Bryant Vincent said earlier this week that, while chapters have been written about this UAB football team, the entire book is not a finished product.

Four chapters have been written. Two of those chapters ended poorly for the Blazers, which puts them on the brink of falling below .500 for the first time since football returned to the campus in 2017.

One of the favorite chapters of any UAB football season comes on Saturday when Middle Tennessee comes to Protective Stadium for the Children’s Harbor Homecoming Game. Kickoff is slated for 2:30 p.m.

The Children’s Harbor Homecoming Game began in 2017. The Blazers beat Louisiana Tech, largely thanks to a blocked field goal attempt on the game’s final play in the first one, overcame North Texas with a strong second half the following year, won in a rout over Old Dominion in 2019, got past UTSA in 2020 and finally lost one last season with a setback to Rice.

More than 90 children will be represented on Saturday. The players received information on the kids they are playing for early this week and more than 60 families came to practice on Thursday.

“Any time you can play for anything that’s bigger than you, it’s special,” senior Kelle Sanders said early this week. “Playing for something like this is truly special because knowing that you can be someone’s limelight for three and a half hours. It’s just, being there for somebody, for the game, it’s special. I’m just at a loss for words thinking about it.”

The last time these two teams met was in the 2018 Conference USA championship game. UAB claimed its first C-USA title that day with a 27-25 victory over the Blue Raiders. Six current UAB players – safeties Will Boler and Grayson Cash, cornerbacks CD Daniels and Starling Thomas V, defensive tackle Fish McWilliams and punter Kyle Greenwell – are listed on the participation chart in that game. Greenwell was the only one to register any stats, punting four times with an average of 46 yards per punt and a long punt of 53 yards.

Middle Tennessee head coach Rick Stockstill got ready to play different personnel this week, but he’s familiar with the plan, even though Bill Clark is no longer the program’s head coach.

“To me, there are not many changes,” Stockstill said. “To me, it’s the same schematic-wise, same offense, same defense to what they were doing with Bill there. They are still a tough, physical, hard-nosed team, who plays hard every snap. Those characteristics haven’t changed.”

The Blue Raiders know what to expect when UAB has the ball.

“It’s no secret that they like to run the ball a lot,” said Middle Tennessee defensive end Jordan Ferguson. “That’s the strength of their offense this year. They like to play really physical. They do a lot of 12 heavy, where they use a big offensive lineman at the tight end. They have two really good running backs that can pound it and get downhill. I know we have to be ready for that. We’re going to have to work hard.”

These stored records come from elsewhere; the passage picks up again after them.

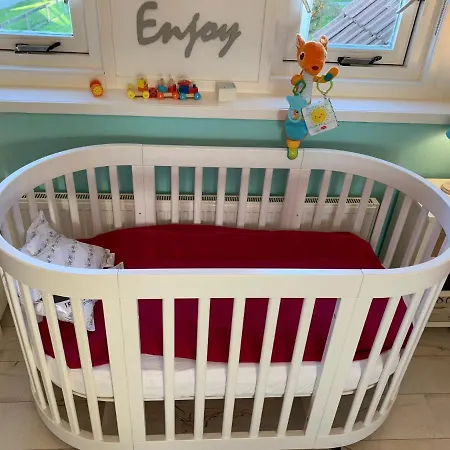 Strandperle 264 Mit Sauna Und Kamin Nyaraló *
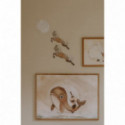 Mrs Mighetto - Wallstickers 3-pack - Boo & Moon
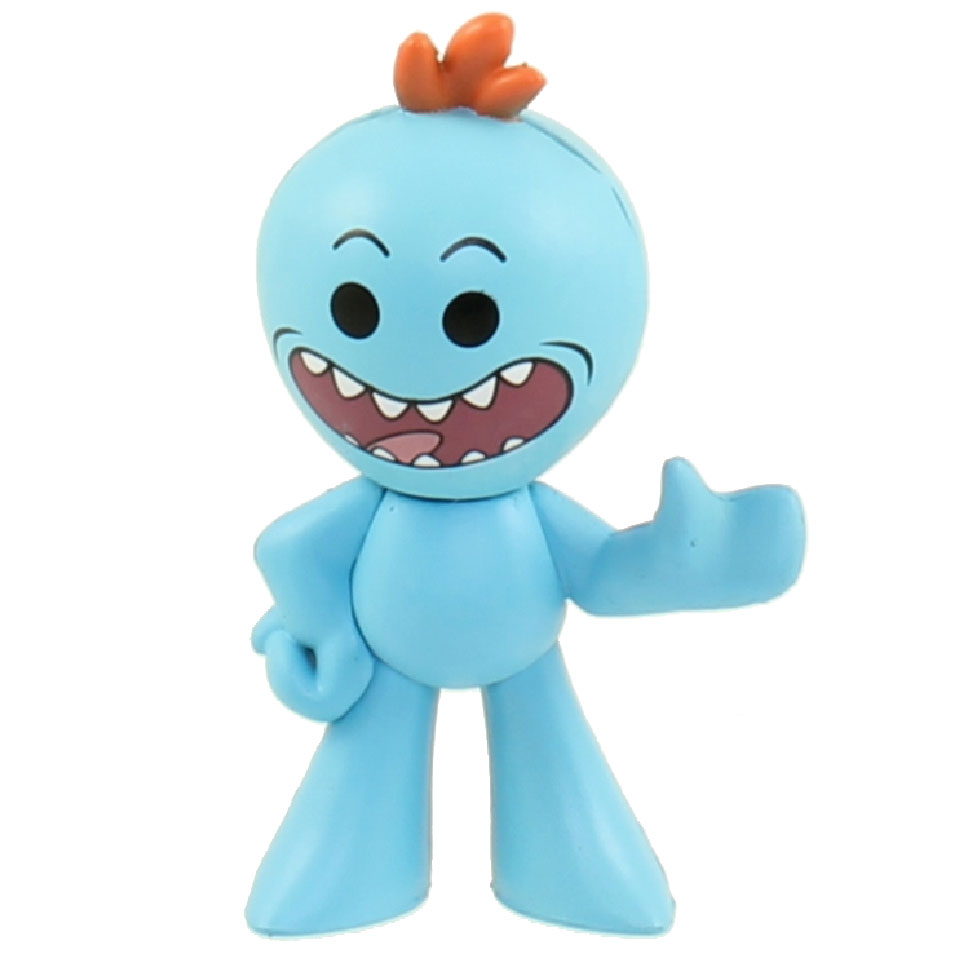 meeseeks action figure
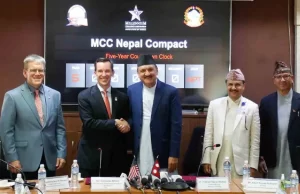 एमसीसी कार्यान्वयनमा नजाँदै ४ करोड डलर खर्च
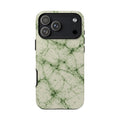 Neon Mycelium - Matcha Latte Phone Case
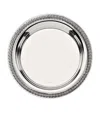 Christofle Malmaison Bottle Coaster In Silver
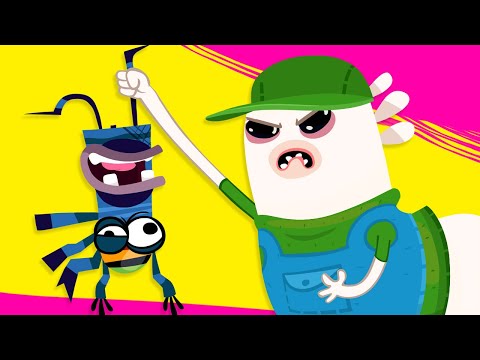 Adventures of QUMI-QUMI - The Small Worm (4k) full episode | Cartoons for Kids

There’s no doubt that the UAB offense is fueled by DeWayne McBride and Jermaine Brown Jr., who have helped the Blazers lead C-USA with 220 rushing yards per game. Middle Tennessee, on the other hand, allowed a C-USA best 107.8 yards per game over the first five games.

The Blazers need to throw the ball well to help open up things on the ground. Dylan Hopkins had his best game of the season last Saturday, throwing for 231 yards and two touchdowns, and Trea Shropshire finally showed up with four catches for 65 yard and his first touchdown of the season.

The key to passing success, though, comes up front. Middle Tennessee is tied for 15th nationally in sacks with 19 in five games. Defensive tackle Zaylin Wood has four sacks, which is 21st in the country. Defensive end Ferguson and defensive tackle Marley Cook each have three sacks.

“What they do is bring multiple pressures,” Vincent said. “It all starts up front, starts with No. 7 (Wood) and No. 9 (Ferguson). They’re extremely fast, they’re twitchy, they bring a ton of pressure. We’ve got our hands full. Probably one of the top defenses we’ll see, (is) coming to town this Saturday.”

Offensively, Middle Tennessee uses the big play approach with quarterback Chase Cunningham, who has thrown for 1,368 yards with eight touchdowns and three interceptions. UAB’s defense has just nine sacks in four games, with Sanders leading the way with two sacks. Kyle Harrell is next with 1.5 sacks but he’s missed the past two games with a foot injury. The Blazers also have perhaps the best secondary in the conference.

“They don’t have a lot of sacks but they do push the pocket because they’re so big up front,” Stockstill said. "On the back end, they don’t give up a lot of big plays. They keep the ball in front of [them] and make you go a long way. I think it’s probably all 11 of those guys on defense (playing well). They’ve been in this system for a long time. They’ve all got a good understanding of what they want to do.”